Faço uma careta, e a garçonete traz os nossos pedidos. Começo a comer bem devagar, prolongando nosso tempo longe daquele lugar, sem conseguir conter minha meu nervosismo.

Eles, no entanto, comem depressa e depois me apressam para fora, e Robbie até deixa eu comer no carro quando lanço minha última desculpa desesperada. Não funciona. Vou comendo meu cheeseburger no banco de trás, até estacionarmos na frente da boate e eu ficar com vontade de jogar o cheeseburger para fora. É a mesma boate da última vez. De repente, eu me sinto mais deprimida do que com raiva, e no minuto seguinte, a raiva sobrepassa a tristeza e grita para que eu engula isso e tente se divertir. Porque se não, eu tenho um furacão dentro de mim e vai destruir todo mundo ao meu redor se eu não controlar minhas emoções. Ser sentimental é tão cansativo, e tão sufocante e eu estou exausta de ter a mente que eu tenho. Engulo qualquer hesitação e expiro todos os meus medos —para fora do meu corpo, e caso virem carbono (como acontece quando você respira), nunca mais entrarão no meu corpo novamente. Gosto de acreditar nisso.
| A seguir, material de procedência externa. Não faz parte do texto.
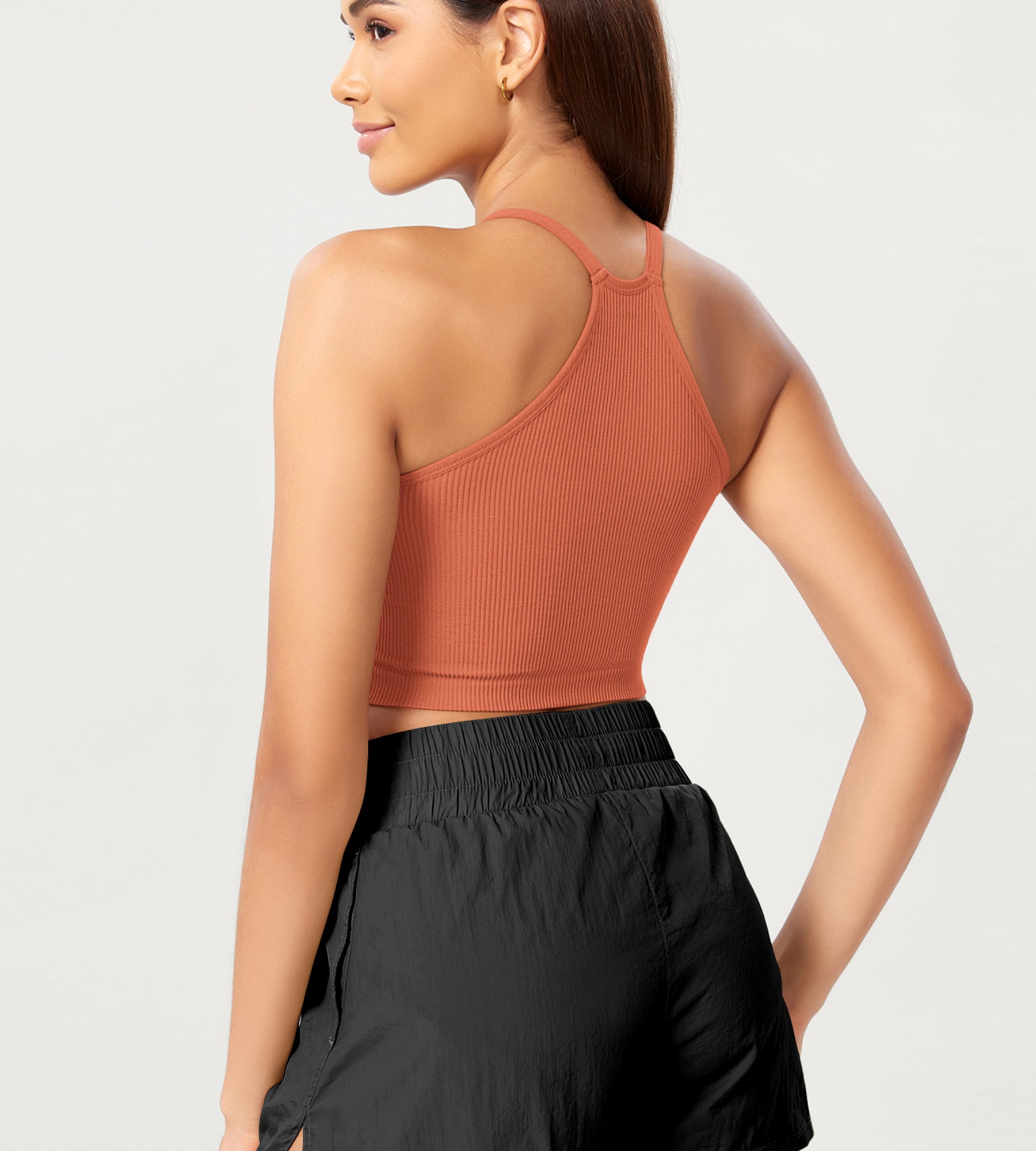 3-Pack Seamless Ribbed Crop Camisole - ododos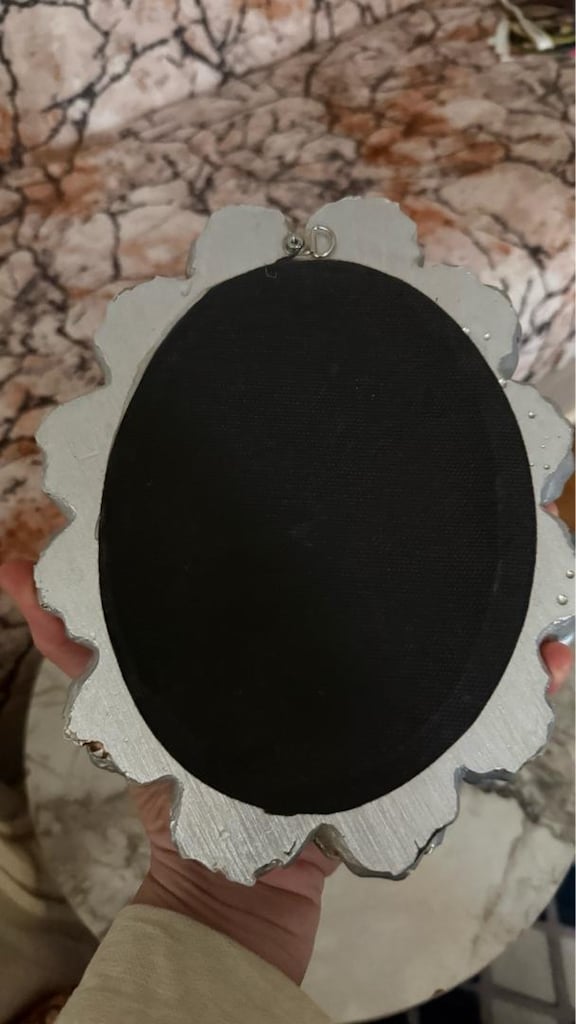 gül desenli kücük dekor ayna - 6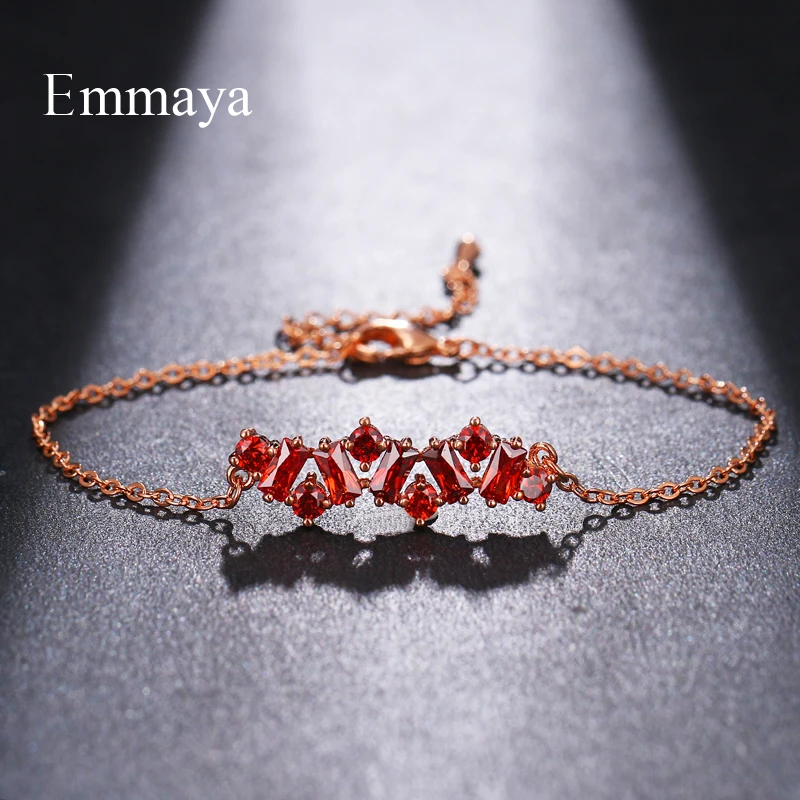 Модный регулируемый браслет EMMAYA из круглого и прямоугольного циркония для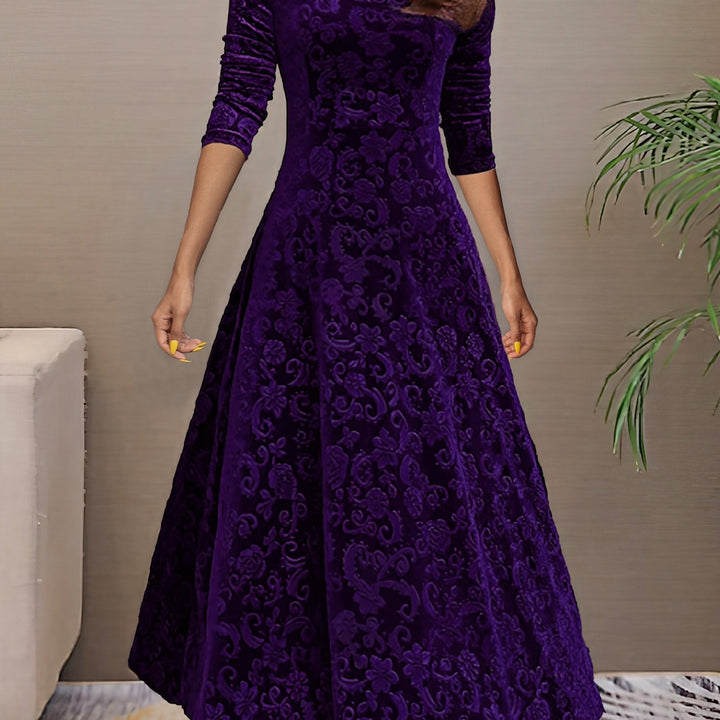 Amelia | Stilvolles Samtkleid Damen elegant chic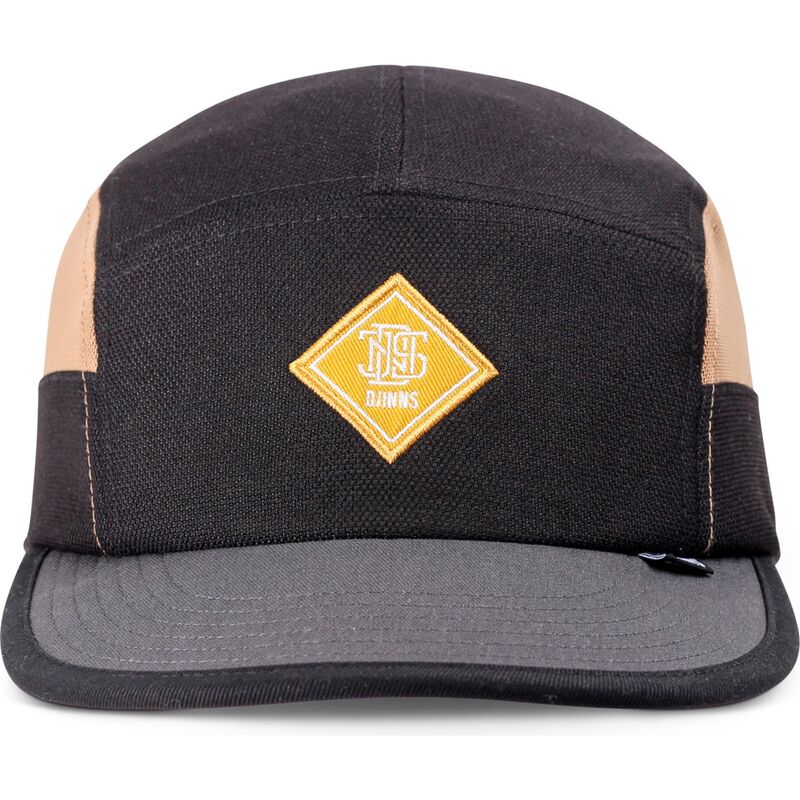 gorra-curva-negra-y-beige-ajustable-soft-finefine-mesh-de-djinns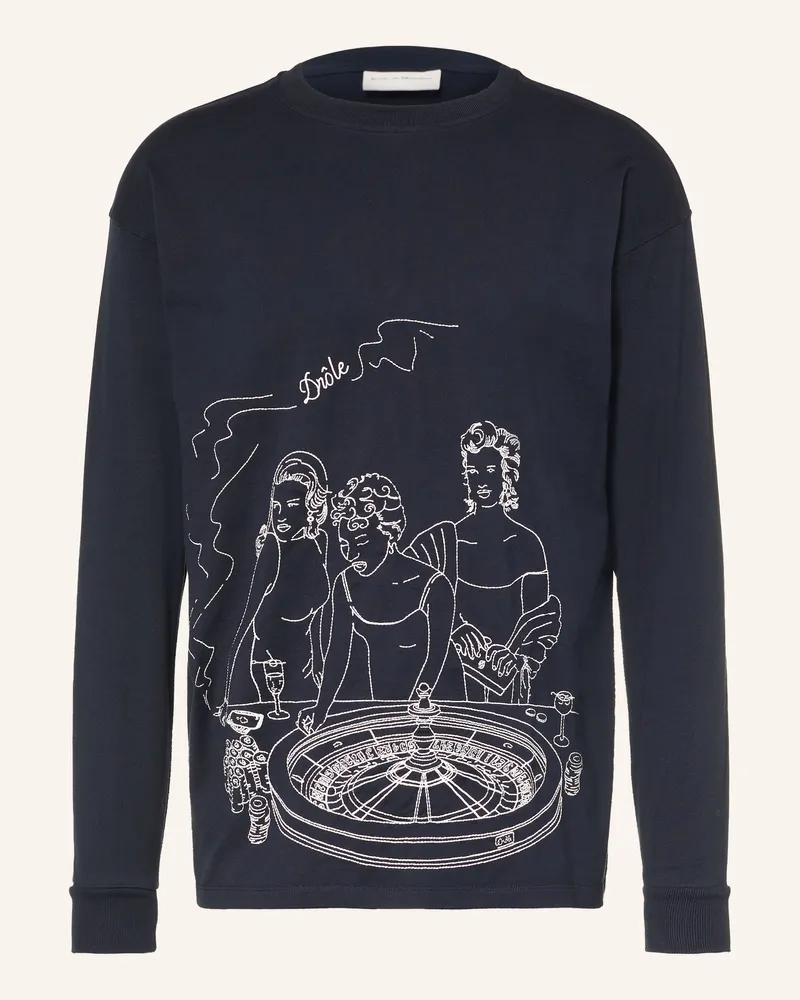 Drôle de Monsieur Longsleeve blau Dunkelblau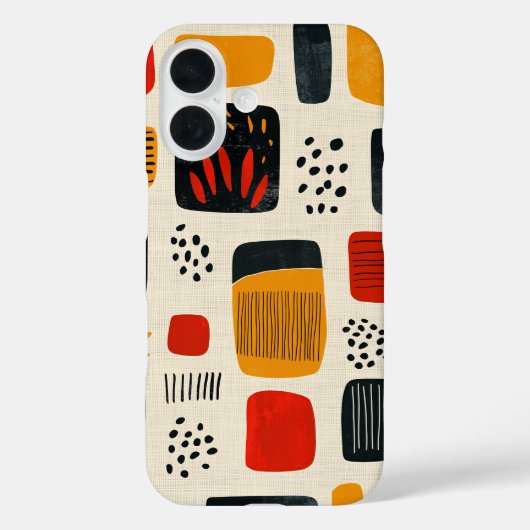 Boho Vibes - Abstracte tribale patroon telefoonhoe Case-Mate iPhone Case (Achterkant)
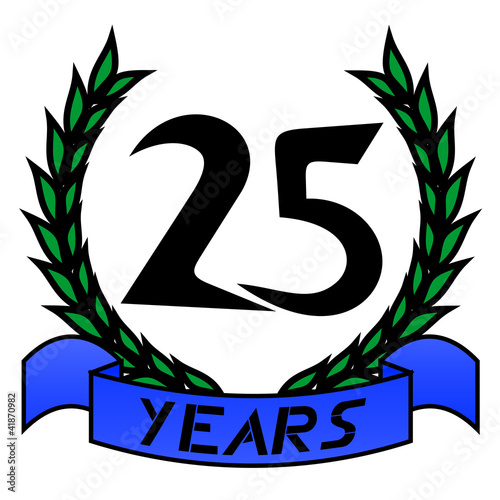 Vector: 25 anniversary 25 anniversary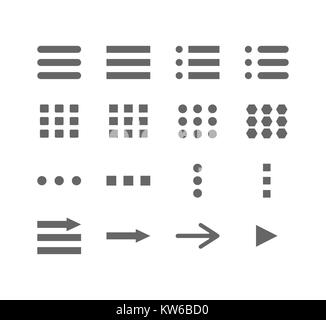 Navigation buttons sign collection. Arrows and hamburger buttons Stock Vector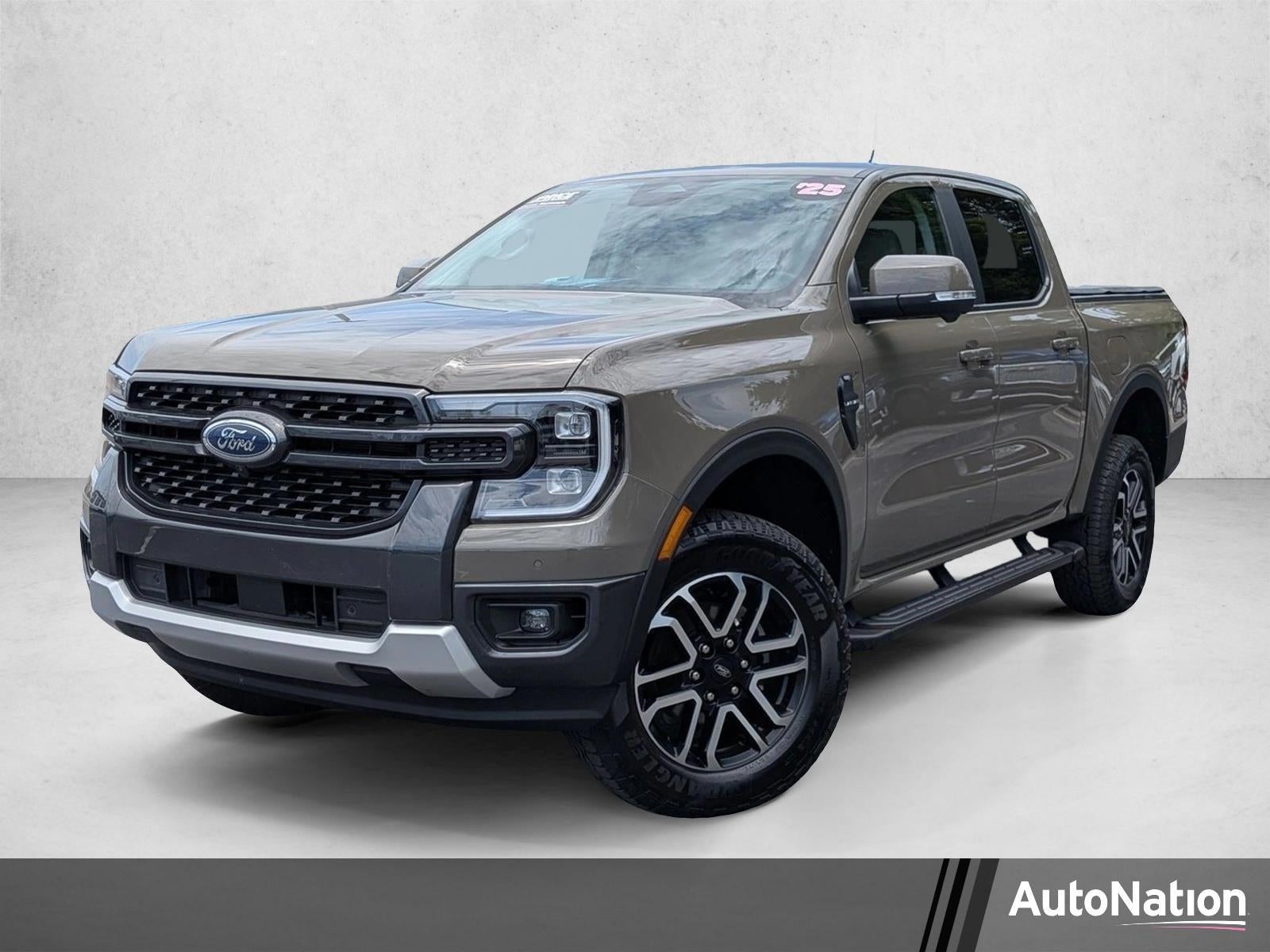 2025 Ford Ranger LARIAT 2WD SuperCrew 5' Box in Marsh Gray — front three-quarter view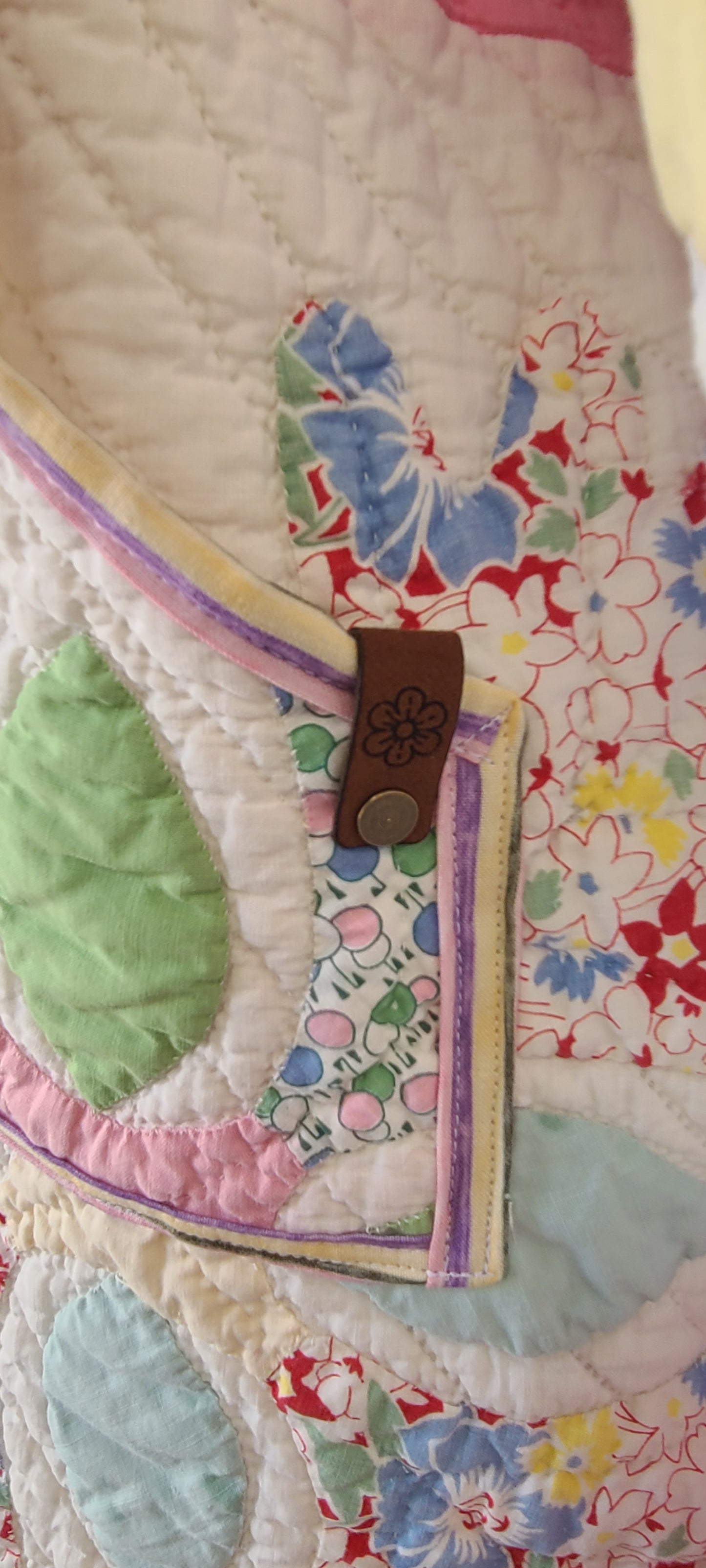 Pink Applique Duster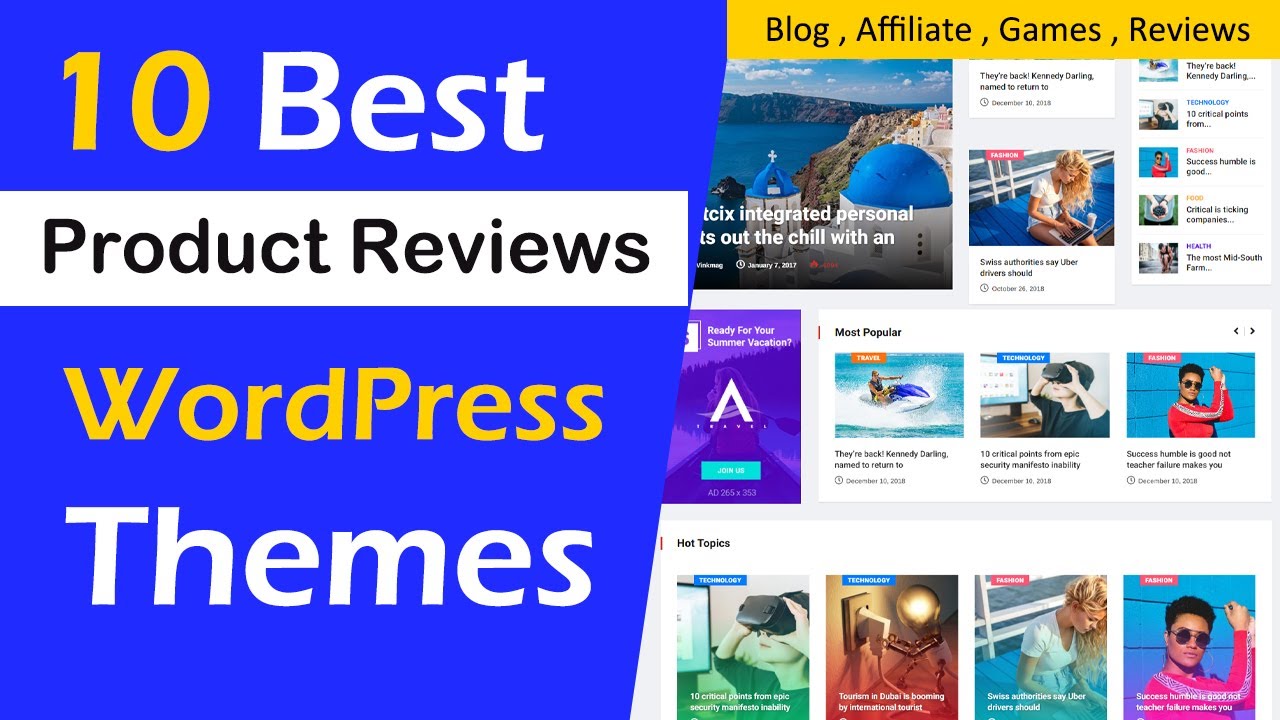 Best Review WordPress Themes 2022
A boate está cheia, como sempre, e a única diferença é que consigo diferenciar e identificar rostos. Na última vez, eram todos iguais. Na luz todos eles se tornaram réplicas de uma mesma pessoa sem identificação. Tudo que consigo ver agora são os jogadores da escola, algumas pessoas mais velhas, e garotas. É pior dessa vez porque antes Becker estava solteira. Agora que tem Robbie, é bem provável que me deixe um pouco de lado —como deve ser, já que está aqui POR ELE —e não me leve para casa caso eu comece a chorar. A notícia boa é que trouxe dinheiro para o táxi se eu quiser ir mais cedo, e os pais de Becker não ligam para saber que horas a gente chega ou não, onde vamos ou não (eles confiam nela). Essas horas são merecidas, já que passei muitas horas estudando.

—Feeeestaaaaaaa! —Becker exclama, animada. Os amigos de Robbie se aproximam, gritando como animais, urrando. O ar condicionado no lugar não contém o calor dos corpos juntos, no entanto, estou grata por não estar sentindo-me claustrofóbica como na última vez.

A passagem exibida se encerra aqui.